Rituals are "created" in at least three ways: by recovering traditions that have fallen into disuse (such as those Dr. Lori Lefkovitz cites in her essay on childbirth); by using an existing rite or blessing in a new context (as Rabbi Sandy Eisenberg Sasso does in her blessing following miscarriage); or by drawing on traditional texts, symbols, images, and ritual objects to create an entirely new composition (as Rabbi Nina Beth Cardin does in her ritual for marital separation). The first two methods renew the old creatively, while the last creates the new authentically. Thus, they fulfill Rav Kuk’s intention that the old be made new, and the new, made holy.

Invention can entail a struggle with the old. It might also mean simply finding new meanings, spaces, and places in a rich and highly interpretive and interpretable tradition. Jewish books of commentary, prayer, and lore, unlike the Bible and Talmud, were never sealed. Generating new ritual, liturgical, and midrashic material has always been permitted–and even lauded. Vekhol hamarbeh harei zeh meshubach: Whoever tells the Jewish story moreso, we learn at the Passover seder (ordered readings and meal), their telling is surely to be praised…

Some argue that ritual is debased by attaching it to relatively trivial events, such as losing a job, or completing a creative project. Triviality, like much else, is in the eye of the beholder. It might seem "trivial" to say a blessing for smelling ripe fruit, but the tradition supplies one.

More important than notions of subjectivity or relativity, however, is the social assessment of familiarity. In contemporary Western culture, familiarity commonly does breed contempt. What is most available and most used is considered least interesting and essential. This contrasts sharply with the traditional Jewish emphasis on sanctifying the everyday, and with the recent focus on ritual.

Still and all, there are times, during this period of the flowering and popularization of ritual, when one cringes either at the occasion being ritualized or at the character of the ritual.
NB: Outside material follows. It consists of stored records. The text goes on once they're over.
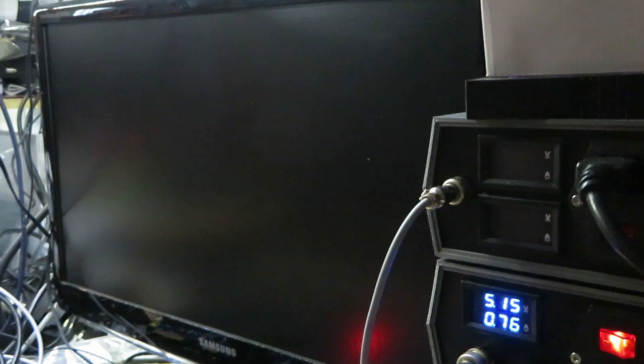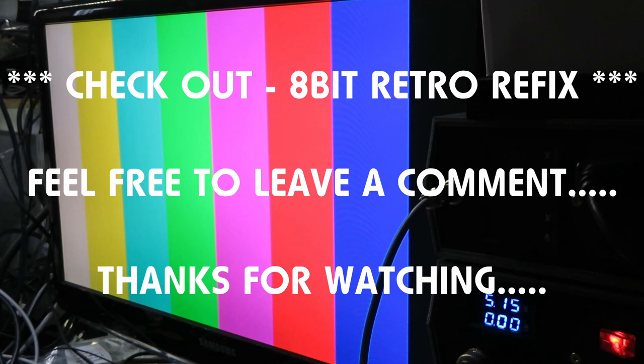But other stuff like easy flash releases and stuff like that, they tend to work okay. The ones I've tried. It's basically some of the contemporary stuff is a bit wonky. So it's just a little video just to show the differences between PAL and NTSC. Check out 8-Bit Retro Refix. And thanks for watching.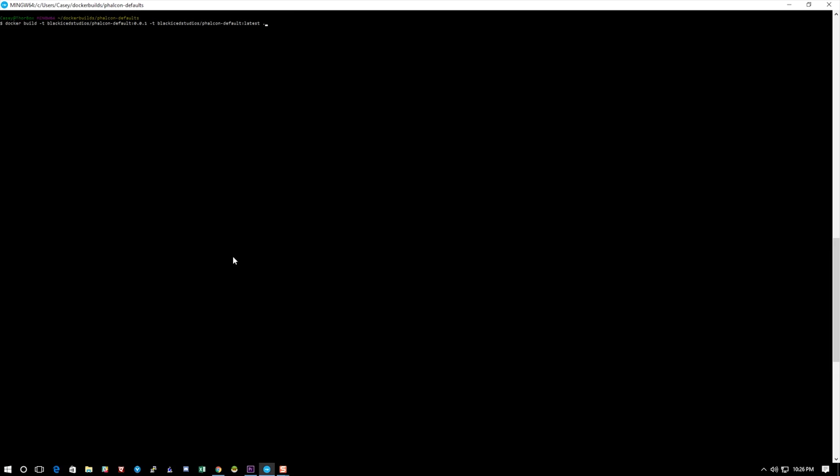I'm also going to do a --no-cache because the no-cache will actually install without a cache. I've done this before so it had a little bit of cache. I want you guys to see what it looked like to install without a cache.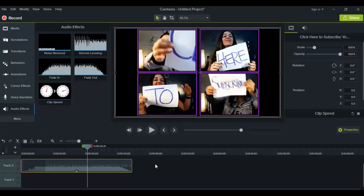Alright guys, so that is it for this video — that's how you do a slow motion or a fast motion video in Camtasia 9. If I was able to help you out at all, please let me know by giving us a like, a comment, a subscribe — all those will be very much appreciated. Alright guys, thank you so much for watching and I'll see you in the next video.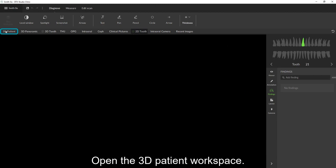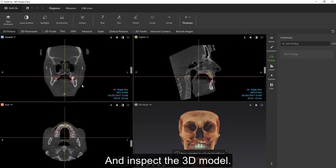Now we'll open the 3D patient workspace and click the 3D viewer to inspect the 3D model.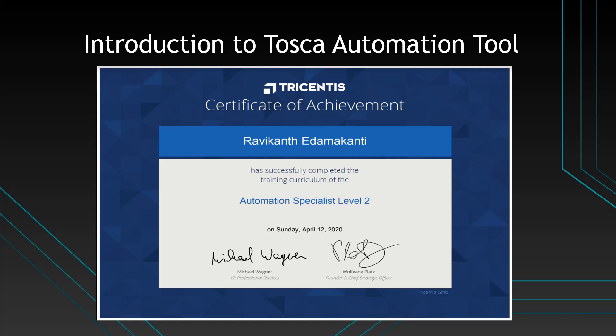Hi everyone, this is Ravi. Welcome to my first session on Tricentis Tosca Automation tool.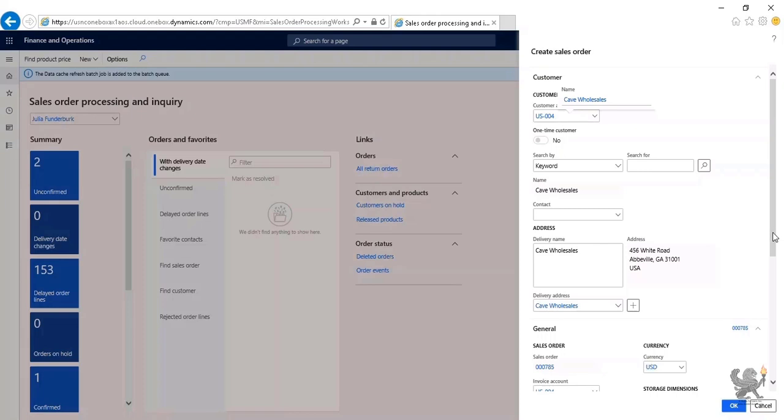We have a different discussion in regard to the number sequences in a separate video. The default currency is United States dollar. As part of the finance series, you learn how to work with currencies and how to set up the default currency or accounting currency as well as the reporting currency.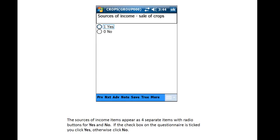When we come to the Sources of Income items, these four items will appear as four separate items on four separate screens with radio buttons for Yes and No. If the checkbox on the questionnaire is ticked, you click Yes. Otherwise, you click No.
I used to be judgmental of that, but I have come to see it as part of our communal creative and learning process. In any case, it is a relatively small price to pay for the benefit of an expanded tradition that, by its willingness to address the lives of Jews as they are lived, remains both relevant and viable. The "price" is also temporary: In the end, rituals that speak to the needs of the Jewish community will last, and those that do not will fall into disuse.